__Task directions__. Look below for the line with "Butikhan Hotell". Retype it and every line after it to the end, exactly, but leave out the pictures.

__Task input__.
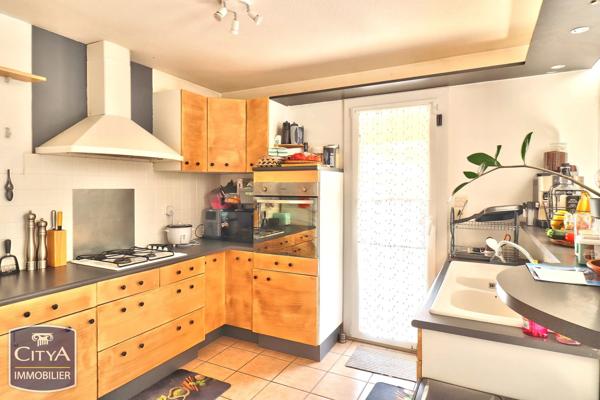 Maison à vendre 4 pièces 85.42m² Marlhes (42660)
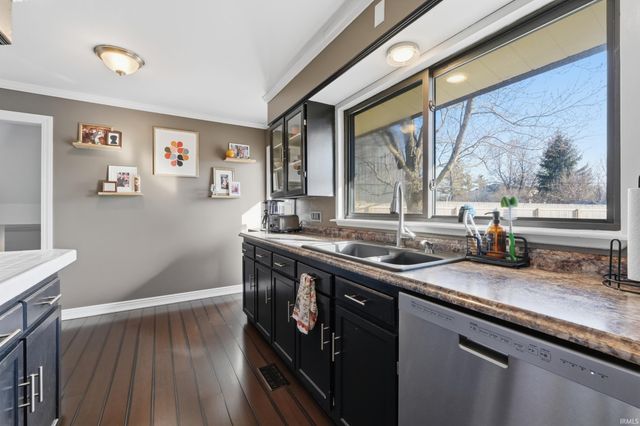 9166 Auburn Road, Fort Wayne, IN 46825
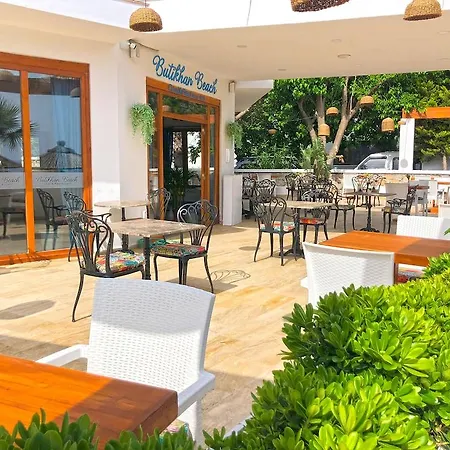 Butikhan Hotell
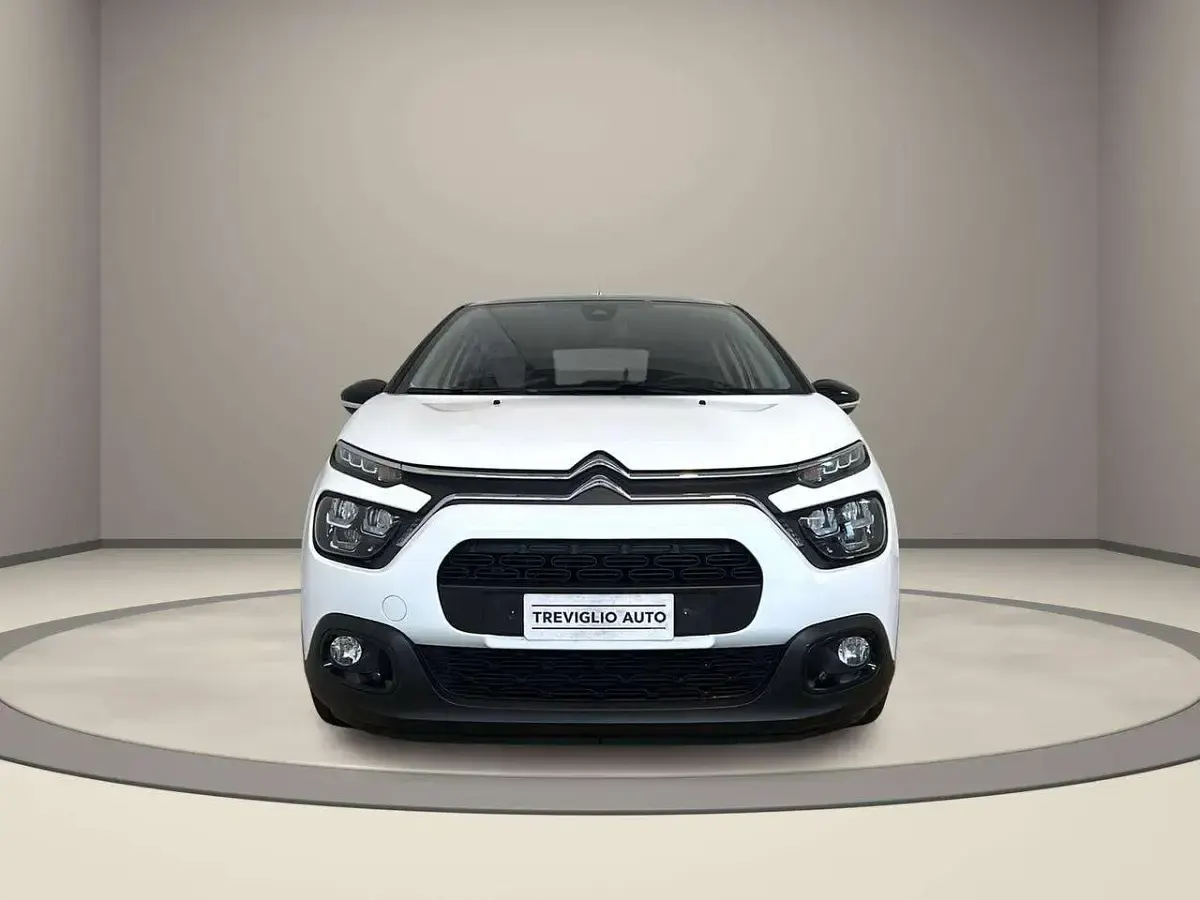 Usata Citroën C3 PureTech 110 CV (80 kW) 2022 Bianco / pastello Berlina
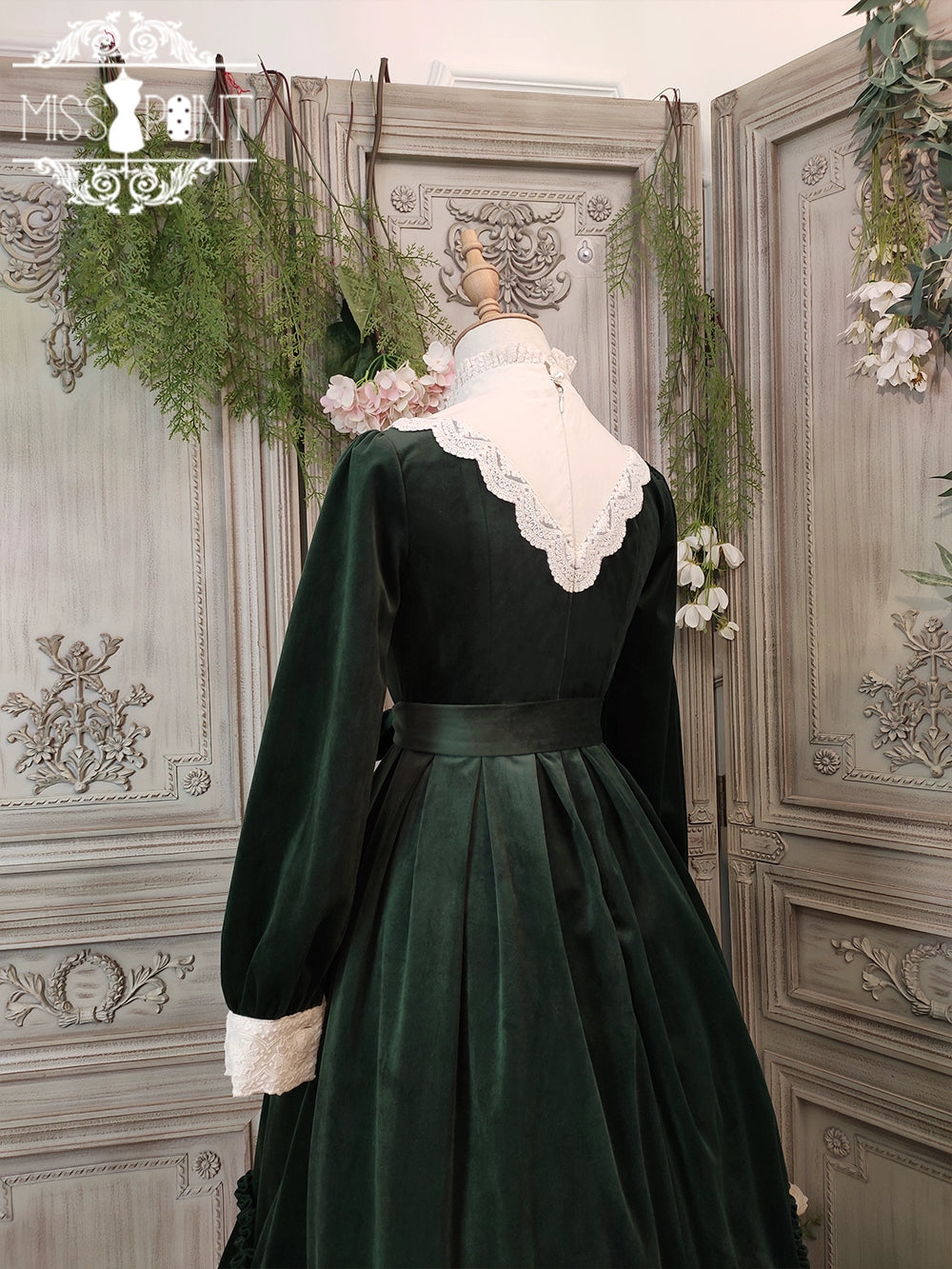 (BFM)Miss Point~Customized Lolita Dress Vintage Elegant Velvet OP Dress 32520:391582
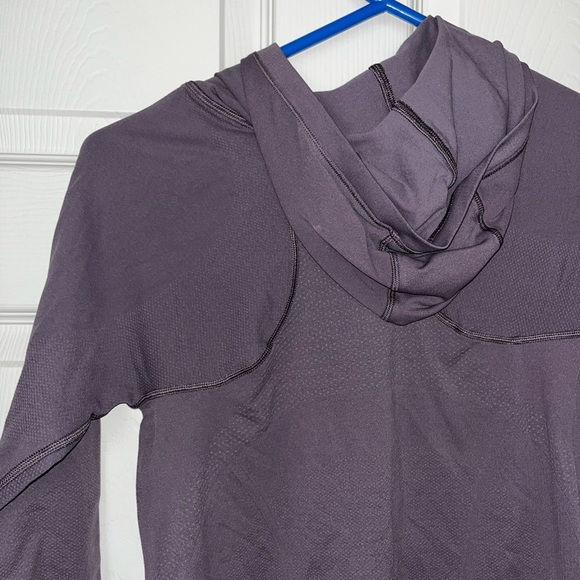 Athleta Long Sleeve - Picture 2 of 7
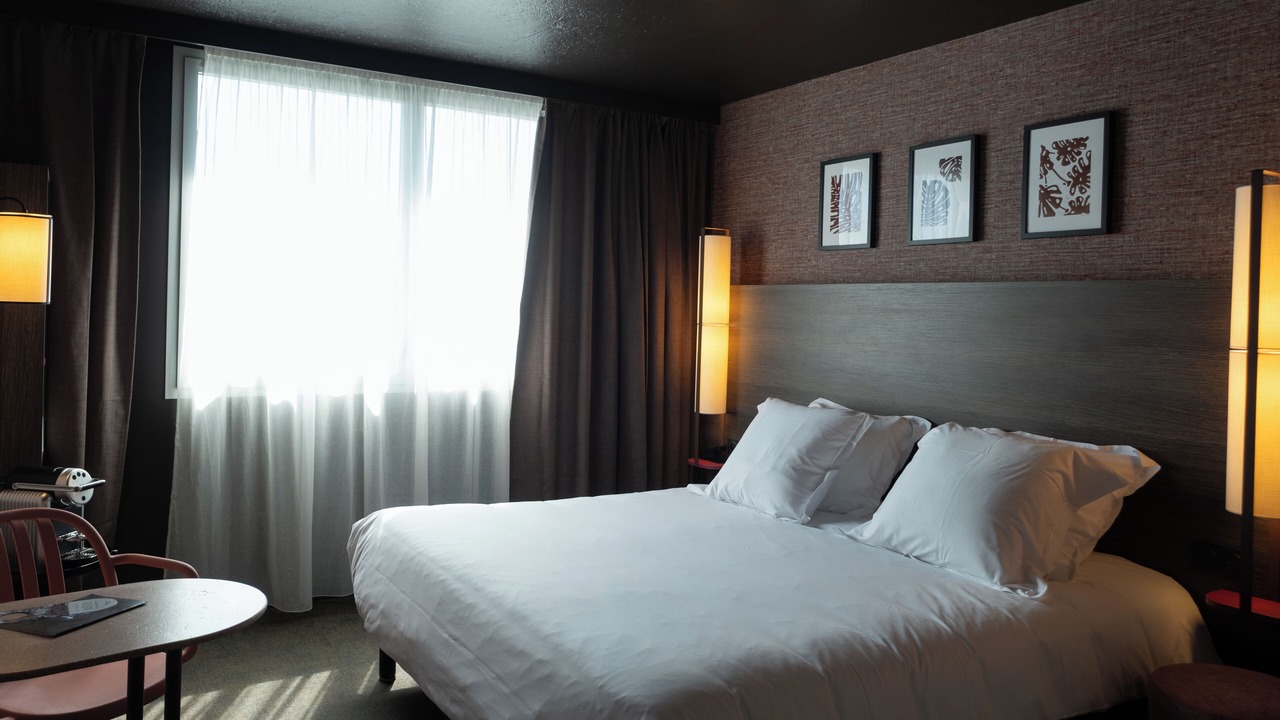 Photo of Bedroom in 8th Arrondissement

__Finished exercise__.
 Butikhan Hotell
 Usata Citroën C3 PureTech 110 CV (80 kW) 2022 Bianco / pastello Berlina
 (BFM)Miss Point~Customized Lolita Dress Vintage Elegant Velvet OP Dress 32520:391582
 Athleta Long Sleeve - Picture 2 of 7
 Photo of Bedroom in 8th Arrondissement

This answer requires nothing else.